Meanwhile, statistics show that the trend is extremely popular among high schoolers. That, Welch said, is the reason it was important to focus on vaping with this month’s FFAC breakfast.
“This one in particular is a departure,” Welch said. “(Previous breakfasts) have been more focused on drug addiction and opioids, but this one is different in that vaping, as far as I can tell, is still running pretty far under the radar.”
Welch said that the breakfast’s programming will largely be directed toward parents who are curious – or simply unaware – of what vaping is and what effects it might have on their children.
“A lot of parents are curious,” he said. “If you say ‘vaping’ to a parent, they all know what it is, but they’re curious if it could be harmful … . I think it is very dangerous. If I had a child that was vaping, that would be a serious red flag for me.”
Welch points to research that says vaping could lead adolescents toward addiction to cigarettes and other drugs.
“I think parents are so busy now, there’s just so much going on, that it is easy to overlook vaping as a cute phase or something that’s not harmful, when in fact it could be the thing for their child that leads them down the path to drug addiction,” he said. “If they start vaping, there’s a very high probability they’re going to graduate to something worse.”
Narcan is on the Program, Too
During the breakfast, attendees also will have the opportunity to learn how to use Narcan, a drug that can reverse the effects of an opioid overdose.
The breakfast also will allow the FFAC to perform some self-assessment to determine whether the anti-addiction breakfasts will continue in their current form. That will be a topic, Welch said, for the four Over the Mountain mayors’ upcoming informal lunch meeting, which they hold once a quarter.
“I think that after this one, we’ll see how the attendance is, and we will evaluate whether to keep going with this format,” Welch said. “We’ve done a year-and-a-half of (these breakfasts), and I think that’s enough time to step back, take a pause, and say, ‘How’s this working? Do we think we’re having a positive impact, and do we want to continue doing it in the way we’re doing it, or do we want to try something different? Maybe we should do it in the afternoon, or in a different format.’”

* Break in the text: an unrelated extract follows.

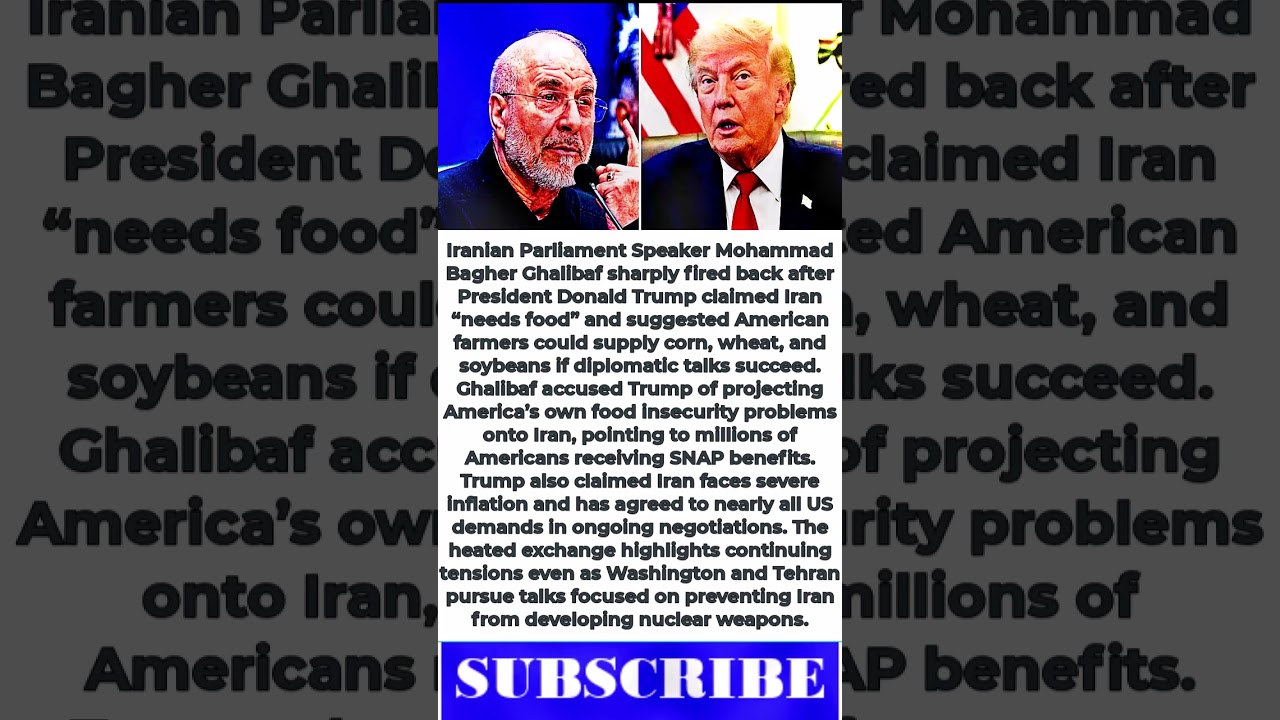 Iranian Parliament Speaker Hits Back At Trump Over Claim Country 'Needs Food' From US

Regardless, Welch said the mayors are dedicated to addressing issues of addiction in their respective communities.
“This is the worst problem, in my opinion, facing America,” he said. “It’s the single worst crisis in the country.”
“We’ve each got a unique perspective on this,” Welch said. “Ashley is ex-FBI, so during his career he was trying to track down the people who were pushing the drugs. Brocato, a former member of the Hoover Fire Department, he was the guy dispensing Narcan and bringing people back to life. Then you have me, a financial adviser, who has seen families spend hundreds of thousands of dollars trying to get a kid clean … . And then Scott McBrayer is head of Ridout’s Funeral Home. He puts them in the ground. So we all have a perspective on this. It means something to all of us, so we’ve decided to work together to try to make a difference.”
The next FFAC breakfast will be Sept. 20 at Canterbury United Methodist Church in Mountain Brook. Breakfast will be served from 7:30 to 8 a.m. The program, “Vaping: The Newest Pathway to Drug Addiction,” which includes guest speaker Dr. Susan Walley, begins at 8 a.m.